After the suppression of the 1830 revolt, Poland, under the iron rule of Russia and the ruthless policy of russification, became as quiet as a grave. The Poles would not simply disappear. They had to be governed by a Russian Tsar. The Congress Kingdom remained. But there was no longer a Governor to succeed poor Constantine. Instead, a Russian named Paskevich was made Prince of Warsaw and appointed Viceroy. The constitution was replaced by a so-called Organic Statute, providing for limited self-government — which was in fact a dead letter. Paskevich was dictator.

It was not Paskevich but Nicholas, however, who fixed the terms of the surrender. A delegation of twelve Polish magnates, headed by Prince Radziwill, were summoned to the Winter Palace to make public apology and express their gratitude to the Emperor for the continued existence of the kingdom. The colors of the defeated and disbanded Polish regiments were hung as trophies from the pillars of Our Lady of Kazan in St. Petersburg, side by side with the standards and the eagles taken from Napoleon’s invading army. The ringleaders of the revolt and the senior officers of the Polish army were sent into exile deep into Russia and Siberia, their estates confiscated, together with the estates of over two thousand Poles who had fled the country. The children of the emigres and deportees, together with the orphans of army officers, were sent to Russian military schools and brought up at the Emperor’s expense, as Russians. A systematic campaign was mounted to erase the least traces of Polish nationalism. Whole libraries were confiscated by illiterate police agents. The educational system, local government, all books and periodicals, were russified.

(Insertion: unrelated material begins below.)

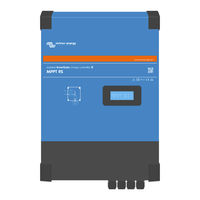 Victron energy SmartSolar MPPT RS Série Mode D'emploi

Even the Catholic Church had to surrender its lands and revenues, its clergy becoming salaried employees of the state.

It was the Polish campaign and Nicholas’s behavior towards the Poles which more than anything else established the Tsar in Western liberal eyes as a blood-stained tyrant to be hated and feared. But Nicholas was not alone, and what the West never understood is the extraordinary position occupied by Poland in Russian eyes. A historian noted that “….Russia has become strong and powerful only by the fall of Poland, and should the Polish provinces one day escape from her, then she would become again only an Asiatic power. This feeling is the basis of all measures taken….”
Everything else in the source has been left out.